### Data supplied

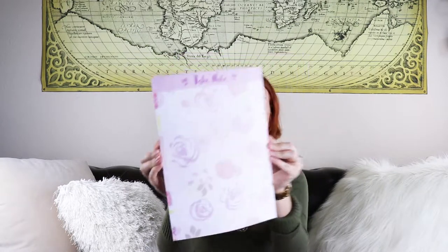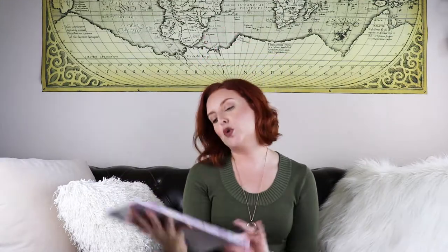This next one is from the dollar section at Target, which always gets you. It's just a little notepad that says 'Take Note' with little rose prints on it. I thought it was cute - we're always writing grocery lists and stuff, so I figured it would be nice in the downstairs area where we keep notepads. It was $3. Target's dollar section is always packed - everyone goes crazy over there.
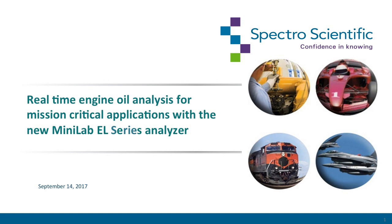Hi, and welcome to this SpectroScientific webinar. Right now I'd like to introduce today's presenter, Ken Caldwell.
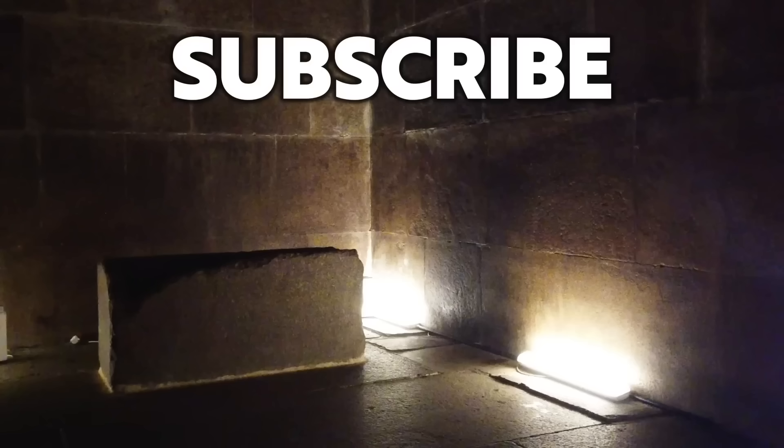Thank you very much for watching this episode of Ancient Architects. If you enjoyed the video, please subscribe to the channel, like the video, and leave a comment below. Thank you very much.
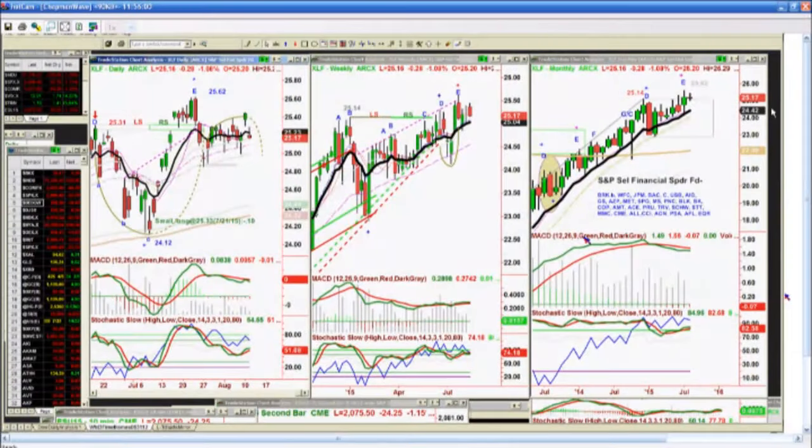Mark, how are you? Good, how are you? I'm well, thank you. Can you help me with what your wave count is — daily, maybe weekly too — on the XLF? The XLF is the S&P Select Financial SPDR. It's got Berkshire Hathaway, WFC Wells Fargo, Bank of America, et cetera. It's trading at $25.16, down $0.27 — that's down 1.10%, and that's important.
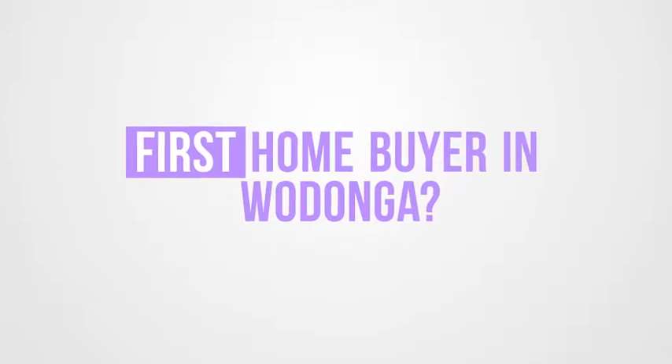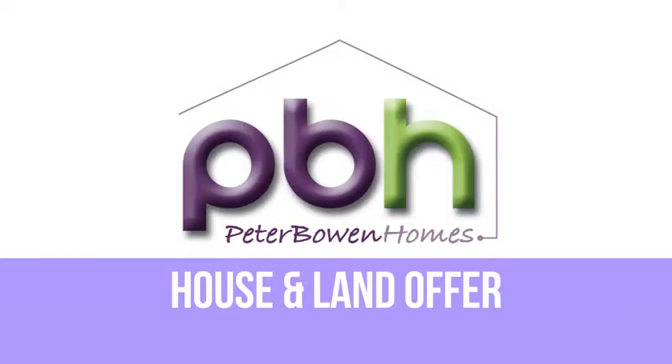Are you a first home buyer in Wodonga? Here is an exclusive Peter Bowen Homes House and Land offer just for you.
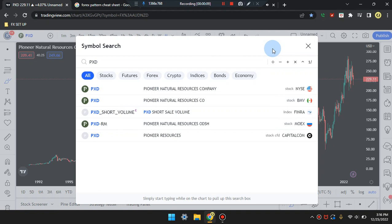We are here on this amazing day. This is Cam Jones FX daily analysis and we are marking up PXD stock.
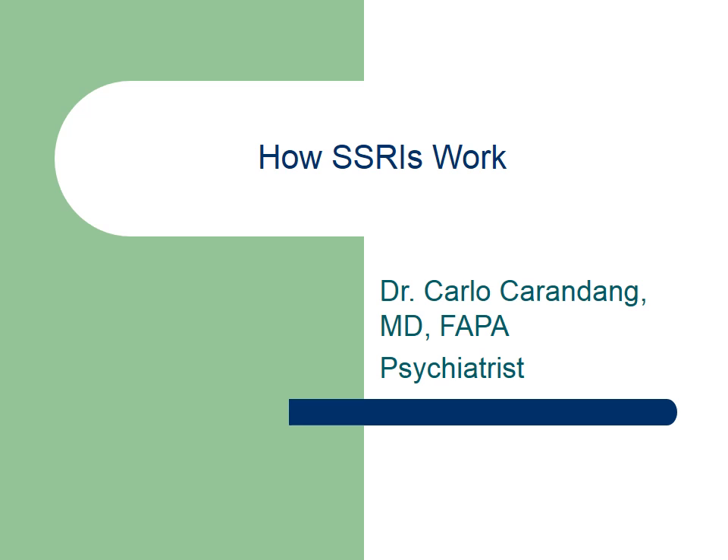SSRIs, otherwise known as selective serotonin reuptake inhibitors, are antidepressant medications which work by increasing serotonin in the synapses in the central nervous system.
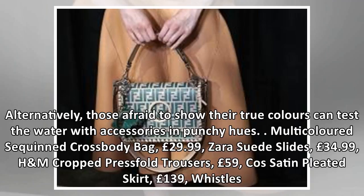Multi-coloured sequined crossbody bag, £29.99. Zara suede slides, £34.99. H&M cropped press-filled trousers, £59. Cos satin pleated skirt, £139.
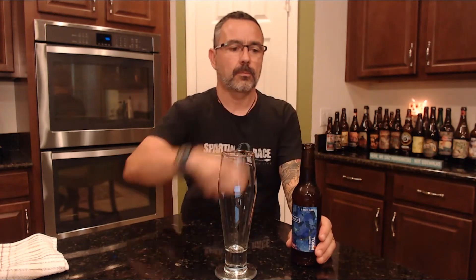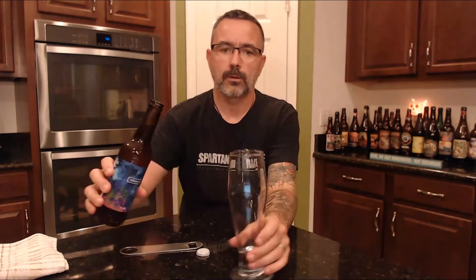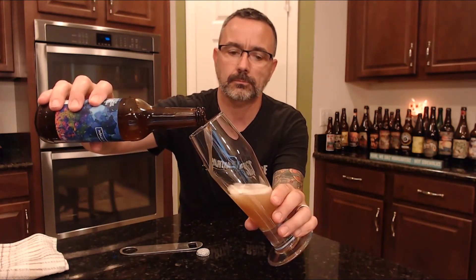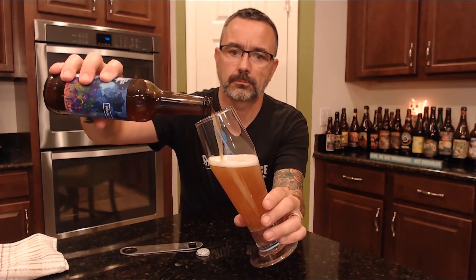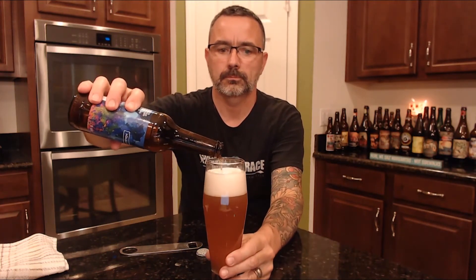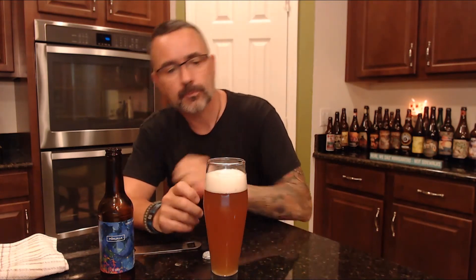So let's give it a taste, shall we? It's definitely hazy, like you'd expect from a wheat beer — two fingers of an off-white head. It's a dark honey yellow.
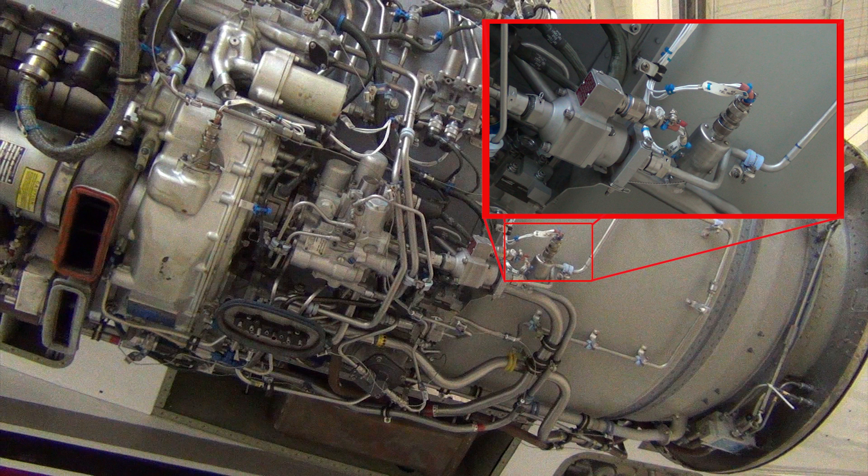The fuel control printed circuit board switches the boost pump on, which will then post an amber boost pump on left or right CAS message, and this will extinguish the low fuel pressure CAS message.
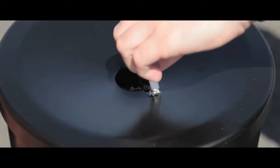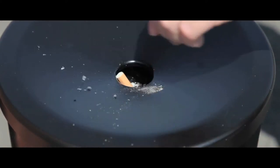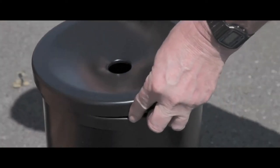The ashtray on top collects separately, a fire safety measure, and the cigarette stubber can be easily removed for cleaning.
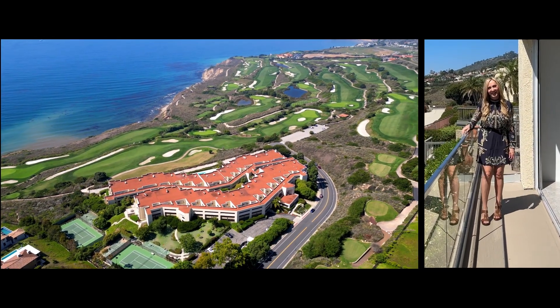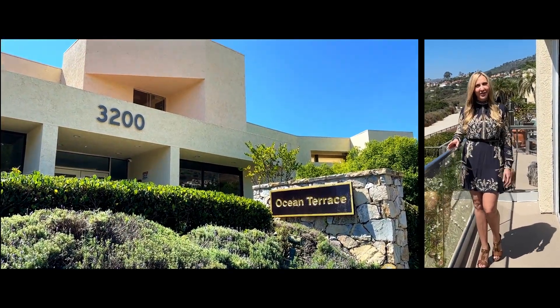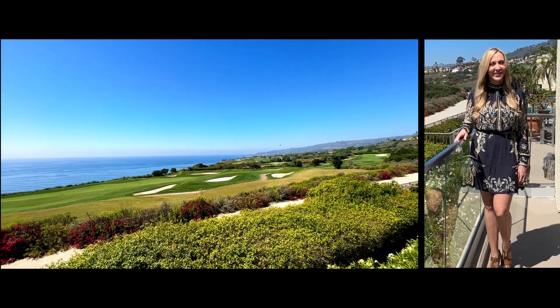Hi, I'm Gabrielle Herondine and welcome to my latest listing. This is a stunning oceanfront condo in Rancho Palos Verdes. It's a rare three-bedroom that's been extensively remodeled. Let's have a look.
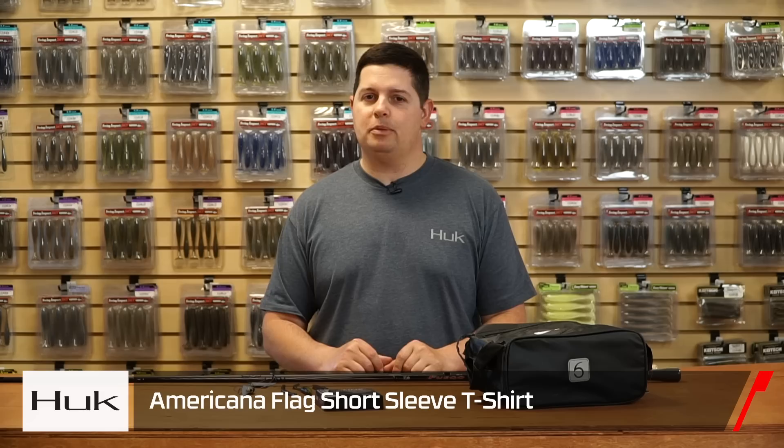Last but not least, we got the new Hook Americana shirt for spring 2020 — small Hook logo on the front and an awesome American flag logo on the back. If you're looking for new shirts, make sure to check out the new shirts from Hook. Thanks for tuning in to this week's episode of What's New with Tackle Warehouse. For more info and to purchase products, click Shop or the link in the description below. If you enjoyed this video, hit the like button, subscribe to our channel, and let us know in the comments which product you're most pumped about.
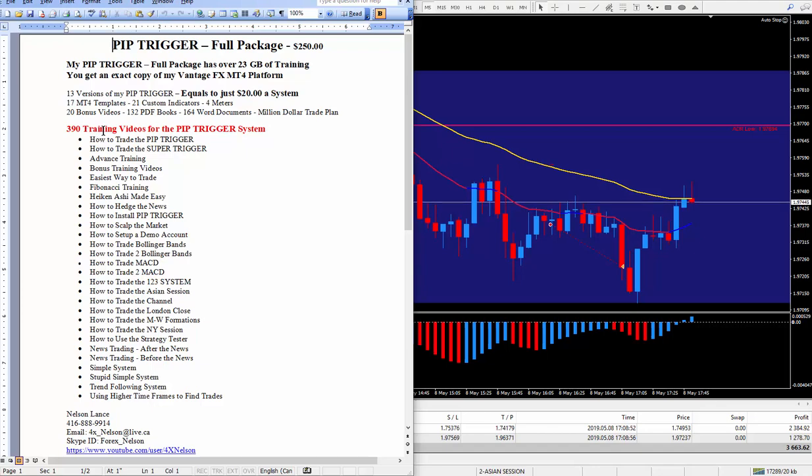There are also PDF books and Word documents for traders who like to read. Don't forget the million dollar trade plan — I go in great detail on how you can turn $1,000 into $1,000,000 in only 10 months. All you need is 10 pips, and today I got 36 pips, so in theory I could take the next three days off applying the million dollar trade plan. There are a lot of videos — 390 training videos I did personally, plus 20 bonus videos. Education is very critical to becoming successful; I've learned that over 15 years.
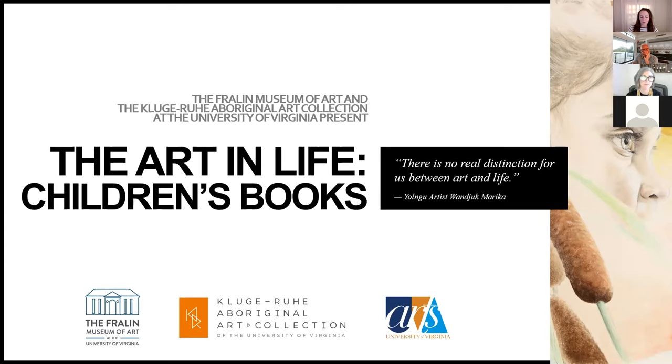Since we're all joining from locations around the world, I want to acknowledge the indigenous nations where each of us are located and I encourage you, if you don't know who those people are, that you find out and learn about them and their art and their culture. I also want to acknowledge a Kluge-Roo volunteer who has been absolutely instrumental in making this program happen — our very beloved Joan Kindig. Joan has been volunteering at Kluge-Roo for six or seven years and connected us with both Christy and Henry. We're so grateful for your ongoing loyalty and support.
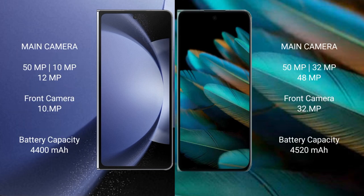Samsung Galaxy Z Fold 6 features a triple rear camera setup: 50MP plus 10MP plus 12MP, and a 10MP front camera. Oppo Find N2 also features a triple rear camera setup: 50MP plus 48MP plus 32MP, and a 32MP front camera.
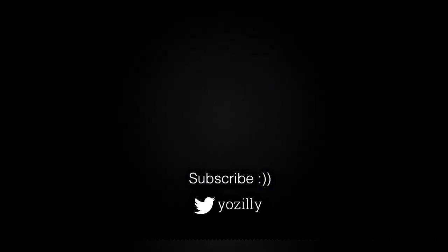Let me know what you guys think about it in the comments section down below. Give this video a thumbs up, subscribe to my channel for more future updates, and I'll see you guys in the next one. Peace out.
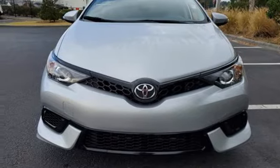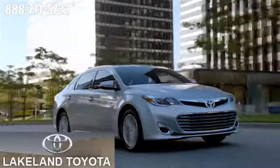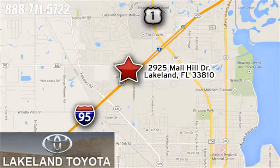Take it for a test drive today. We at Lakeland Toyota know you want a reliable used car. Visit us online anytime at lakelandtoyota.com. Stop in and see us at 2925 Mall Hill Drive in Lakeland, Florida.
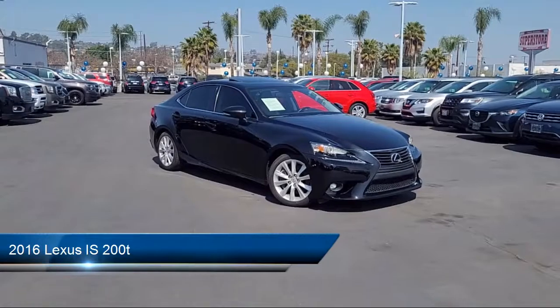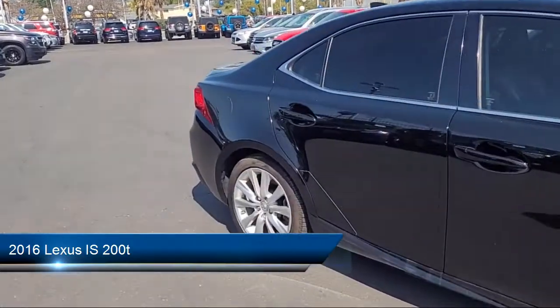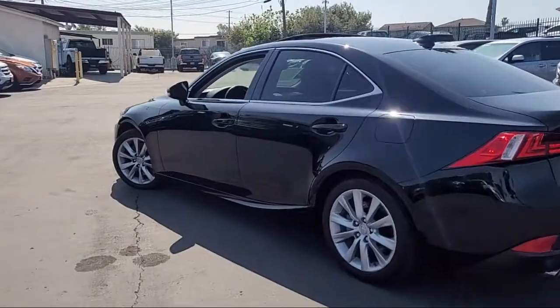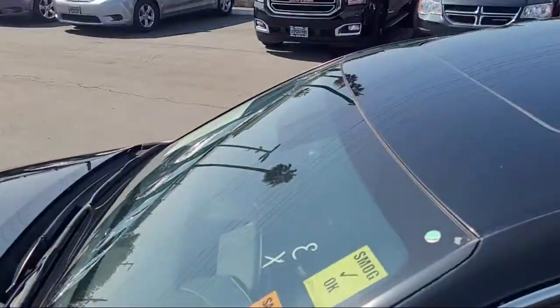Welcome to East County Pre-Owned Superstore, your premier destination for purchasing pre-owned. Here's a look at another one of our great vehicles from our inventory. It comes equipped with a sunroof and has less than 40,000 miles on the odometer.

######

- **Try it**:
Since the pictures are not part of the copy, please transcribe only the lines above from the one with "Hi, and welcome" through the one with "Are you a first", exactly and with both ends.

- **Solution for this exercise**:
Hi, and welcome to this SpectroScientific webinar. Right now I'd like to introduce today's presenter, Ken Caldwell.
Thank you very much for watching this episode of Ancient Architects. If you enjoyed the video, please subscribe to the channel, like the video, and leave a comment below. Thank you very much.
Mark, how are you? Good, how are you? I'm well, thank you. Can you help me with what your wave count is — daily, maybe weekly too — on the XLF? The XLF is the S&P Select Financial SPDR. It's got Berkshire Hathaway, WFC Wells Fargo, Bank of America, et cetera. It's trading at $25.16, down $0.27 — that's down 1.10%, and that's important.
Are you a first home buyer in Wodonga? Here is an exclusive Peter Bowen Homes House and Land offer just for you.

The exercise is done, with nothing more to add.